Focal EE Approach of Identifying Employee Engagement Priorities


(Focal Employee Engagement (Focal EE) is a cloud-based employee survey solution measuring employee engagement and satisfaction.)


Employee surveys are tools used by organizational leadership to gain feedback on and measure employee engagement, employee morale, and performance. Usually answered anonymously, surveys are also used to gain a holistic picture of employees' feelings on such areas as working conditions, supervisory impact, and motivation that regular channels of communication may not. Surveys are considered effective in this regard provided they are well-designed, effectively administered, have validity, and evoke changes and improvements [1]

Engagement is a combination of commitment to the organization and its values, plus a willingness to help out colleagues (organizational citizenship). It goes beyond job satisfaction and is not simply motivation. Engagement is something the employee has to offer: it cannot be 'required' as part of the employment contract. There are many individual and organizational factors that determine whether employees become engaged, and to what extent they become engaged.



If you are assessing the level of engagement or job satisfaction of your employees, you need to know exactly what matters most to them. This information is critical to understanding exactly what you need to fix. To simply know what employees are most and least satisfied with is not enough. For example, you might find that your employees are "very dissatisfied" with some aspect of their jobs, but that the thing they are unhappy with is not really that important to them or has little bearing on how engaged they are. Or you might find that your employees are moderately satisfied with some other aspect of their jobs, but you also learn that this is the most important thing to them and therefore an area to focus on improving. [2]

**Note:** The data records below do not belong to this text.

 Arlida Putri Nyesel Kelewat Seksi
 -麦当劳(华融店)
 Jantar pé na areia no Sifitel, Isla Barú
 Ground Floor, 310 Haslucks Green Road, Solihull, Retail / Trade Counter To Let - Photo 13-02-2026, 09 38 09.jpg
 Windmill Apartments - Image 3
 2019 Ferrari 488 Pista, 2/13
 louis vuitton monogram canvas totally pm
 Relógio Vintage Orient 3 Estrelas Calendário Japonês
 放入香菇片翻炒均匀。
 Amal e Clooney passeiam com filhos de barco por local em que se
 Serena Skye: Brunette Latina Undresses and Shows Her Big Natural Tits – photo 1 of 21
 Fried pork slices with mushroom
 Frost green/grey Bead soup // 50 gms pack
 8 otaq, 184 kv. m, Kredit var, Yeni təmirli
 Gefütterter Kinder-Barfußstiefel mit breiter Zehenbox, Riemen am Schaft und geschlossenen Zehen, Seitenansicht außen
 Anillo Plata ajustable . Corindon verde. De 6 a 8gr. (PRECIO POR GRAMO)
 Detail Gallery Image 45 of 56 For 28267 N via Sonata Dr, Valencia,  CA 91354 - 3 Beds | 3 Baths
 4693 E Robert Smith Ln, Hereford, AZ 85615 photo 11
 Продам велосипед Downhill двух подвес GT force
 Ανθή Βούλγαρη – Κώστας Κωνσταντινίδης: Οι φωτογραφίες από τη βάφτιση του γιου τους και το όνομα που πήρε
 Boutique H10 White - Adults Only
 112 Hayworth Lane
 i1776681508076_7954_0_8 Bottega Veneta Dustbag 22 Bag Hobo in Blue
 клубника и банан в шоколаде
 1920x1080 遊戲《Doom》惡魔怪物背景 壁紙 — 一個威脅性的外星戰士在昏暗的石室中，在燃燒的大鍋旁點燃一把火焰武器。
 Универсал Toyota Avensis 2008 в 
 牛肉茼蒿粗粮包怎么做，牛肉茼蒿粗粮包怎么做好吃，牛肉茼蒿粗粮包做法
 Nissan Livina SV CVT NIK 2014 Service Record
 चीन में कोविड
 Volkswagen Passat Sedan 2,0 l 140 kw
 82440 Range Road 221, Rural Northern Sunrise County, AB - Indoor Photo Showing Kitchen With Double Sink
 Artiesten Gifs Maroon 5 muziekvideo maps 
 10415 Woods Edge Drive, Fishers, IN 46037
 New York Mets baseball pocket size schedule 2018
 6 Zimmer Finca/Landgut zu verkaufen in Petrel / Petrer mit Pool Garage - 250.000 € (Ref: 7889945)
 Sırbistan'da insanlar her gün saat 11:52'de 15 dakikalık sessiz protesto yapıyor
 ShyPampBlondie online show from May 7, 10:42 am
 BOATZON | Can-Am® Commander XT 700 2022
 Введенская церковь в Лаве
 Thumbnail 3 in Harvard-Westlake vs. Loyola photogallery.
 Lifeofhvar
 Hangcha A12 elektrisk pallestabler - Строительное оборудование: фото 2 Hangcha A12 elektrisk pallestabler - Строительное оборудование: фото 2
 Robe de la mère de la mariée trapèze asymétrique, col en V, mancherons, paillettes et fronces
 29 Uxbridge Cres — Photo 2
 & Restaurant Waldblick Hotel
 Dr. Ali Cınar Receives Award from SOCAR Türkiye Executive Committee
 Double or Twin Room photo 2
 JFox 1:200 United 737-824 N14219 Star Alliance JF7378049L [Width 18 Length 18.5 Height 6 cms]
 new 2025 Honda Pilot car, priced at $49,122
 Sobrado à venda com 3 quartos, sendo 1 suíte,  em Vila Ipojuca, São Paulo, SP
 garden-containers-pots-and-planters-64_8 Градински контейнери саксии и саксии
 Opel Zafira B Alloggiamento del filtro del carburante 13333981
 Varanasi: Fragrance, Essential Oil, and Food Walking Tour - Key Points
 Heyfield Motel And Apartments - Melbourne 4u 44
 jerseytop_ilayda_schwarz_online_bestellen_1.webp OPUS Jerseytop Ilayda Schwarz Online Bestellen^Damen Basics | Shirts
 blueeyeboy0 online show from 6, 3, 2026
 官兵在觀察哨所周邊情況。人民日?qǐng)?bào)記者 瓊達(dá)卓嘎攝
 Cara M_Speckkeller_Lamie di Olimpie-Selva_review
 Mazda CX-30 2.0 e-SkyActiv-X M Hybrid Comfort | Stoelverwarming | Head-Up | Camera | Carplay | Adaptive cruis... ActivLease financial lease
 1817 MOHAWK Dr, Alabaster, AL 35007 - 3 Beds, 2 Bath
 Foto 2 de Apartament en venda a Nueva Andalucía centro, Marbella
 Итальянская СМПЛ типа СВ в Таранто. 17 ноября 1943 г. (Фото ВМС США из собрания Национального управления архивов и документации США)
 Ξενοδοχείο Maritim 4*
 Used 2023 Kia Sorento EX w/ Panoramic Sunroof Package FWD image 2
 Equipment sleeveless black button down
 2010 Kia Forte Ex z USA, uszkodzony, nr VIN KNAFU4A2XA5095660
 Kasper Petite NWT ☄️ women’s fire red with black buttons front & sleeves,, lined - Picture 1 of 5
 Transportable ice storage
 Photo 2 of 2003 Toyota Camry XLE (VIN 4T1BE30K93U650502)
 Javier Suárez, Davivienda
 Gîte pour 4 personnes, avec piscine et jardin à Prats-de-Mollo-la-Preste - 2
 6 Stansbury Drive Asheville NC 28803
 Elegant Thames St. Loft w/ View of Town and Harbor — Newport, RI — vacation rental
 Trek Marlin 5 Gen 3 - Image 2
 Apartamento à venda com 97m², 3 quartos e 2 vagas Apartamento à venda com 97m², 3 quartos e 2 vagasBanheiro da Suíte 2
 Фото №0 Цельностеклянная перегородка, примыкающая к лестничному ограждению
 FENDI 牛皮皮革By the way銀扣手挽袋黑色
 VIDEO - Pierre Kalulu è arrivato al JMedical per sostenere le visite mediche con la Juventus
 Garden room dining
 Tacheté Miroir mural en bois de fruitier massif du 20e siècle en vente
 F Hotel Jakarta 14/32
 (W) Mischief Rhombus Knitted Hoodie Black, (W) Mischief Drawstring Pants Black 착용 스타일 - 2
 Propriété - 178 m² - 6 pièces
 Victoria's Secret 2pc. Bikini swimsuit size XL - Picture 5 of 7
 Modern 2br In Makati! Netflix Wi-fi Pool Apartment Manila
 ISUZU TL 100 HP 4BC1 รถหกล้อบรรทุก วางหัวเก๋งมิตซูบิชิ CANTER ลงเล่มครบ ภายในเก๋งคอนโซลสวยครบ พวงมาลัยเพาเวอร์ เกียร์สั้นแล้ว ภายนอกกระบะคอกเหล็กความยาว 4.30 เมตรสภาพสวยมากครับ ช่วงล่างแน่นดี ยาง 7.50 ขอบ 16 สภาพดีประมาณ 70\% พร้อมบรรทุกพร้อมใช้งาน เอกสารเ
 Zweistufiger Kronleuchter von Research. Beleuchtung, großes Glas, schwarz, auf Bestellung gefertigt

Simply asking employees to tell you what is most important to them is one approach, but this approach has some serious drawbacks. Most significantly, it doubles the length of the survey, which means fewer employees will complete the survey and those that do will be more likely to either find the process more bothersome or experience "survey fatigue" as they near the end. Worst of all, this means you will probably get fewer written comments from your employees.

Focal EE uses a different approach to measure "importance". The method we use starts with a statistically-based model of engagement that uses factor analysis to identify the key components of engagement that are common across most/all organizations.

Next, we use correlation to identify which items are the biggest drivers of engagement in a specific organization. It is important to note that correlation is not causation. Strictly speaking, we cannot establish a cause-effect relationship based solely on correlations. However, from a practical perspective, items that are highly correlated with engagement are usually a reliable indication of what is having a positive or negative impact on engagement.

Finally, we incorporate group size and standardized scores to identify the items that are the highest engagement priorities. Generally speaking, this means we look for items with high correlations and low scores.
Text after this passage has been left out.